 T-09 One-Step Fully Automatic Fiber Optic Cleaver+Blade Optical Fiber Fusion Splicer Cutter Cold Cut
...
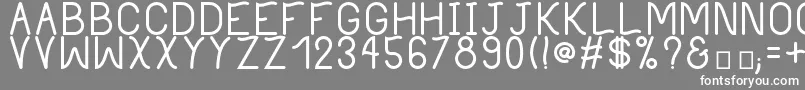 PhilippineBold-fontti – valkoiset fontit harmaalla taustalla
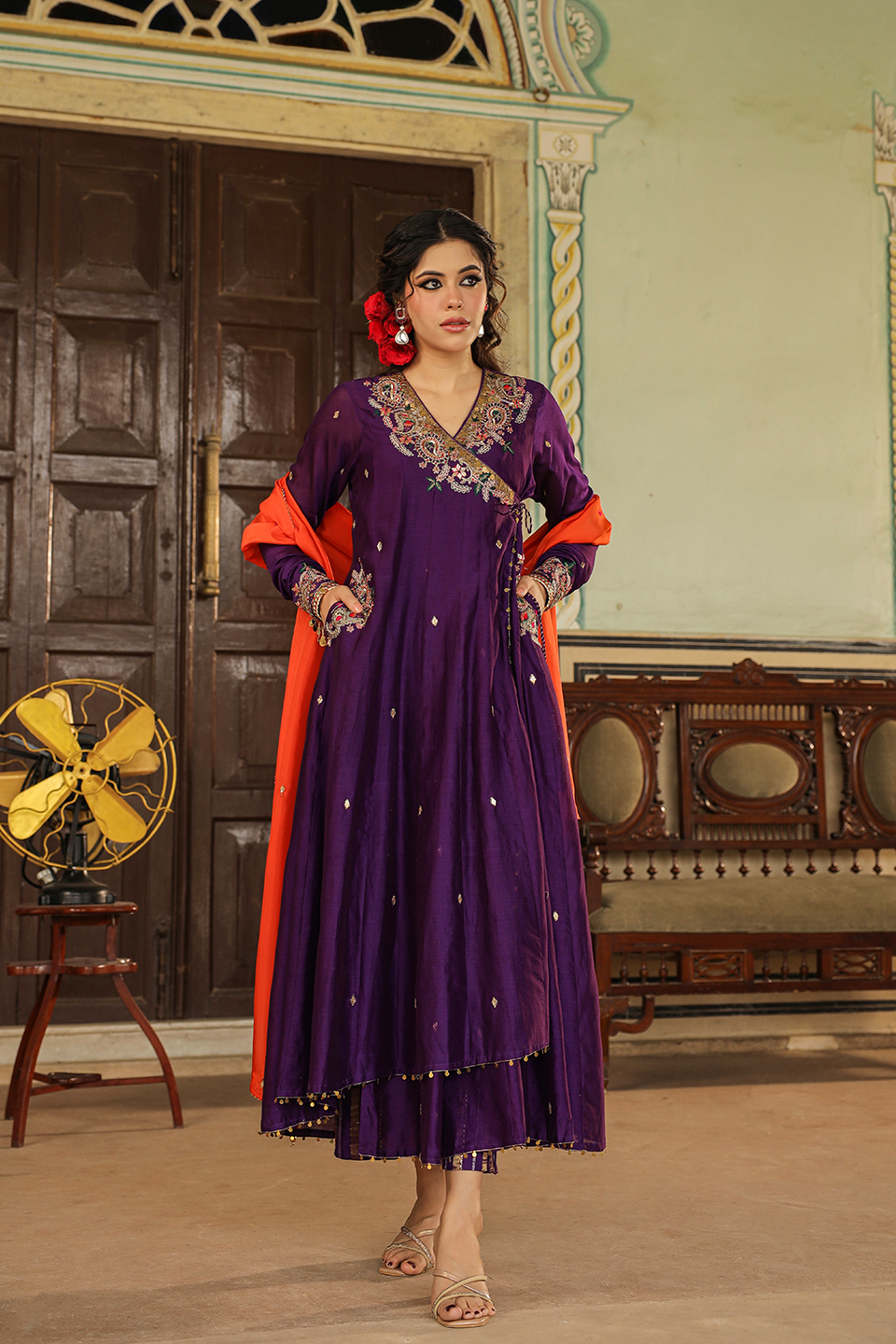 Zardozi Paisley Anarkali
==
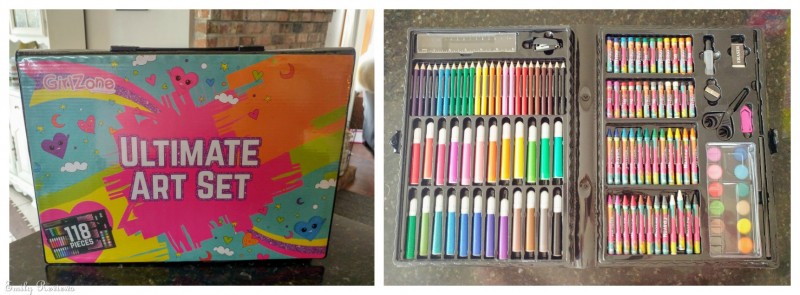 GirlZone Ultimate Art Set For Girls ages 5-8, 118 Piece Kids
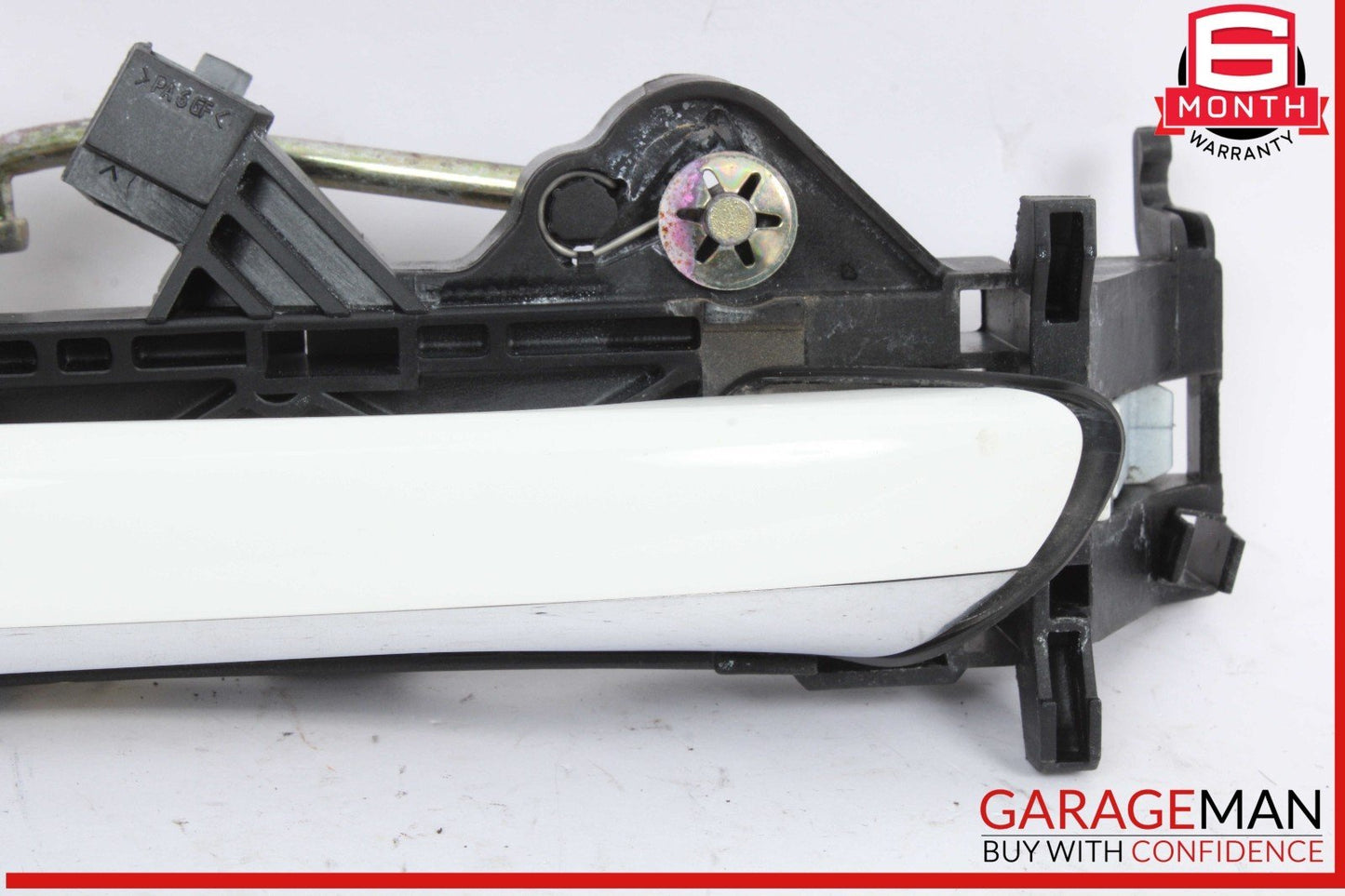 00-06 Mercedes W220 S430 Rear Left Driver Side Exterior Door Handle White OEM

§ What to work on: Starting with the line that has "GirlZone Ultimate Art" and going on through the line that has "00-06 Mercedes W220", transcribe the records above exactly, but skip the pictures.

§ Output of the task:
 GirlZone Ultimate Art Set For Girls ages 5-8, 118 Piece Kids
 00-06 Mercedes W220 S430 Rear Left Driver Side Exterior Door Handle White OEM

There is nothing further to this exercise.